6. Beauséjour Mardi le 15 août 1843 à 10 heures
J'ai dîné hier chez Cowley. L'humeur n’était pas trop bonne, on demandait ironiquement à Bulwer si les voitures de voyage de la Reine Christine étaient dans sa cour, d’un autre côté on espérait que le régent n'irait pas en Angleterre. Bulwer part ce soir pour Dieppe et va décidément passer deux jours à Londres. Il sera de retour ici le 24.
Plus je pense à l’affaire d’Espagne plus je vois noir. Si l’on entre une fois dans la voie des paroles aigres cela ira bien mal. Il est très évident que l'Angleterre se trouvera dans la question du mariage à la tête de tout le reste de l'Europe.
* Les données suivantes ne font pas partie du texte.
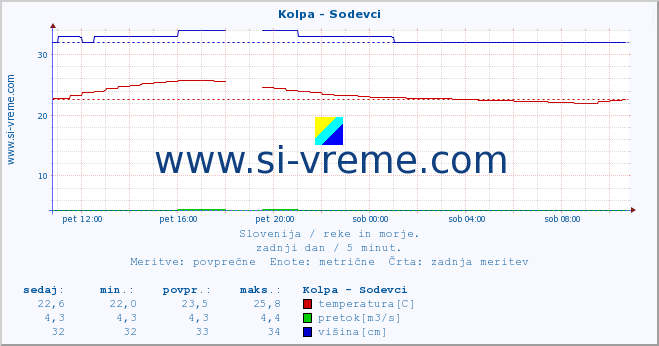 POVPREČJE :: Kolpa - Sodevci :: temperatura | pretok | višina :: zadnji dan / 5 minut.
C'est là ce qui va lui donner et lui donne peut être déjà courage. Or, Aberdeen sait être brutal quand il n’a pas peur. Il faudrait lui ôter l'occasion. Que je voudrais vous parler !
La pieuse contesse est ven hier me dire son dernier mot. Je la précède aujourd’hui à Versailles. Elle veut aller demain coucher à St Germain. Je ne demande pas mieux. Je lis dans le journal de Pétersbourg que le bateau qui avait touché Copenhagen était arrivé à Cronstadt le 29 juillet. La lettre de d’André était du 31. Vraiment St Priest se sera trompé. Mais nous allons voir cela bientôt. Bulwer vient de m’interrompre. J'ai écouté, et j’ai parlé ! L'Angleterre prescrit à Acton la reconnaissance du Gouvernement à Madrid. Aberdeen est dans les idées les plus douces. J’ai accepté, et puis j’ai dit qu’il me revenait de tous côtés des inquètudes sur le mariage que les grandes puissances allaient se mettre en campaqne sur cela qu’il fallait faire bien attention à une chose. C’est que la seule, l'unique chance peut-être pour que le duc d’Aumale fut roi serait le cas où les puissances s'aviseraient de l’exclure d'avance. Cette parole prononcée d'une manière tant soit peu officielle serait comme un défi, et personne en France ne supporterait cela tandis que si on laisse les choses aller d’elles mêmes ; si on ne gâte pas en tripotant et en se méfiant, il est bien sûr que cela ne se fera jamais. Je vous dis en gros ce que j’ai donné comme mon opinion mais cela est entré pour rester dans la tête de Bulwer. Il va à Londres. A propos l'Ambassade anglaise croit savoir que Sébastiani va à Londres en mission. Bulwer ne m'en paraît pas fâché car il sait qu’il est bienveillant. Je remets ceci à Génie que je vais chercher. J’aurai, j'espère une bonne lettre aujourd’hui. Adieu. Adieu. Mille fois, parlez-moi du 26 ou de quelque chose avant. Adieu.